Collected material Block Start

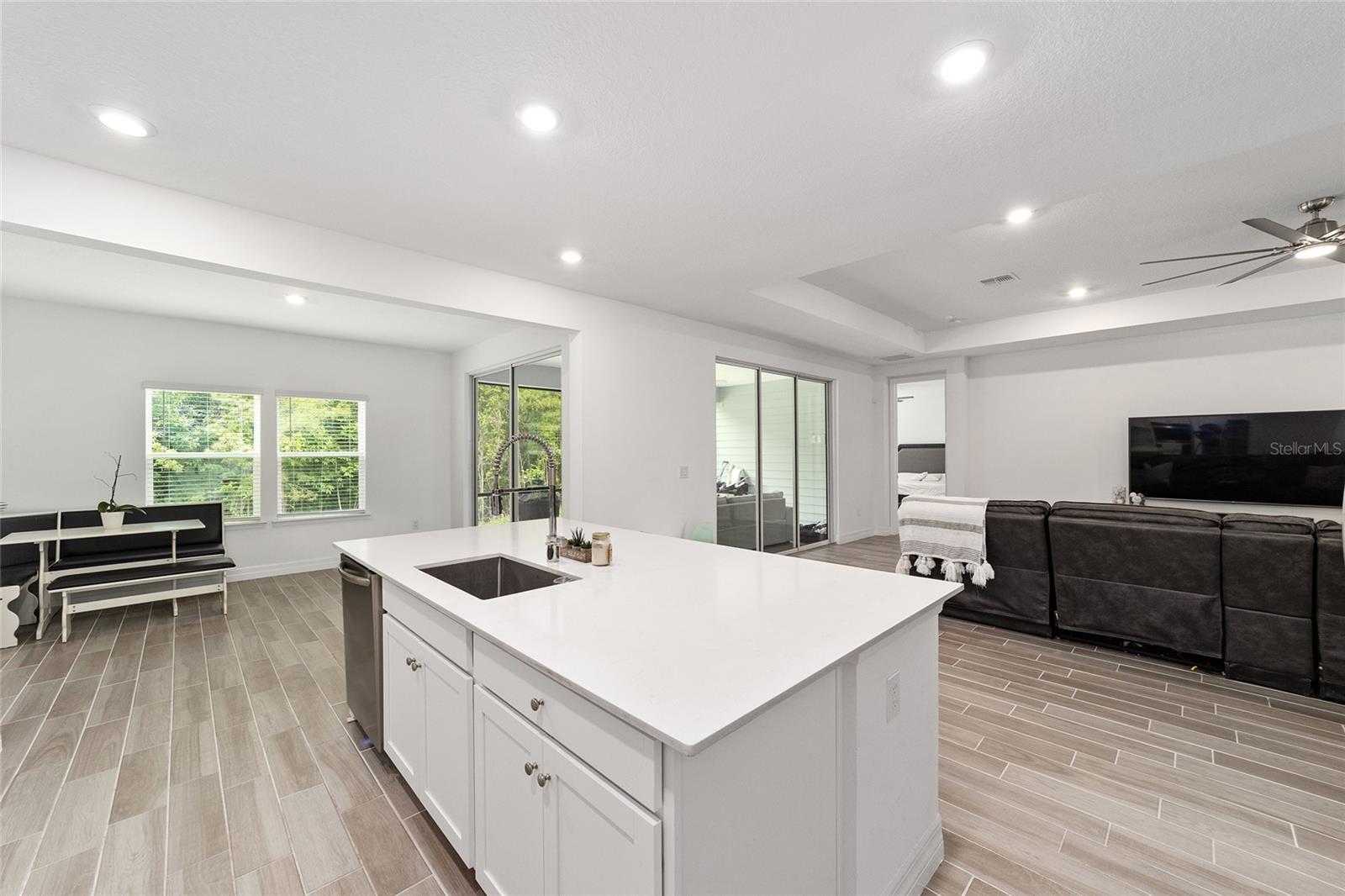 BELLECHASE OAK HAMMOCK - Residential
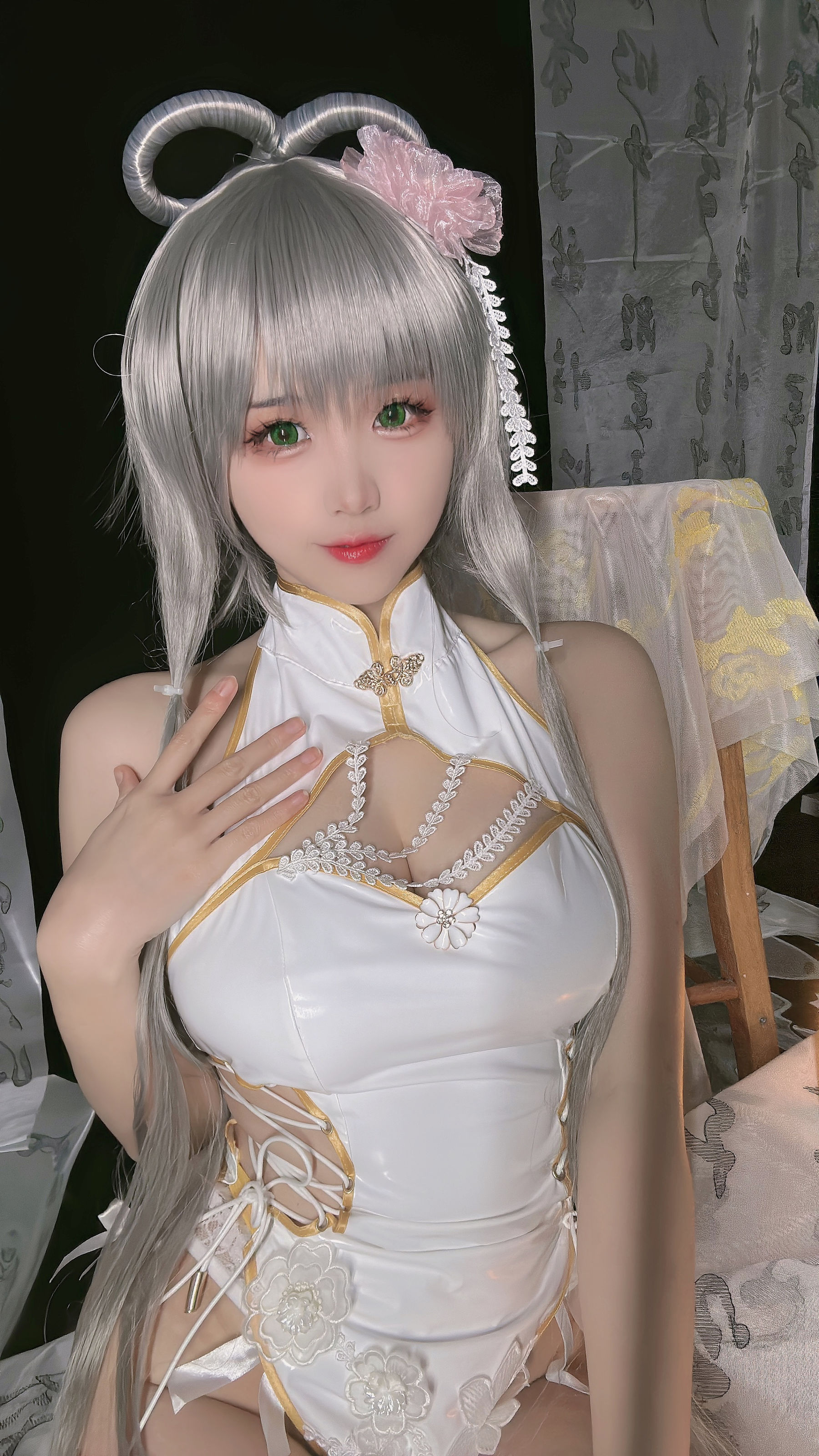 miko酱ww – 洛天依旗袍 [30P] - 秀人网免费无水印在线套图写真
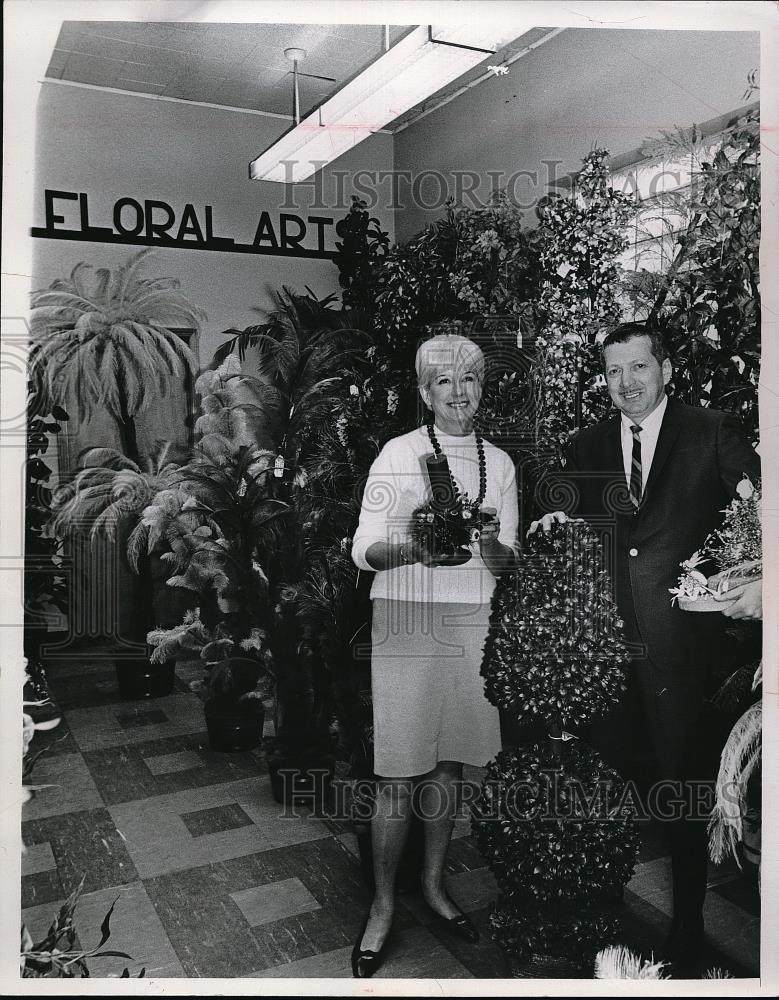 1967 Press Photo Mrs. Muriel Heinrich and Elliott Mecklerat floral show - Historic Images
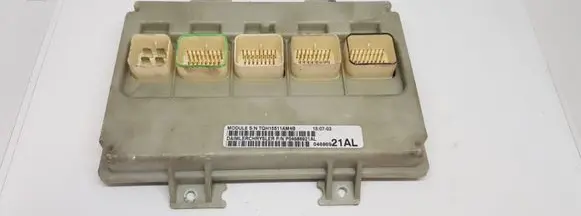 Chrysler Voyager Engine control unit/module P04686921AL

Collected material Block End

Leaving out only the pictures, return the material above unchanged.

*Solution to the exercise*
 BELLECHASE OAK HAMMOCK - Residential
 miko酱ww – 洛天依旗袍 [30P] - 秀人网免费无水印在线套图写真
 1967 Press Photo Mrs. Muriel Heinrich and Elliott Mecklerat floral show - Historic Images
 Chrysler Voyager Engine control unit/module P04686921AL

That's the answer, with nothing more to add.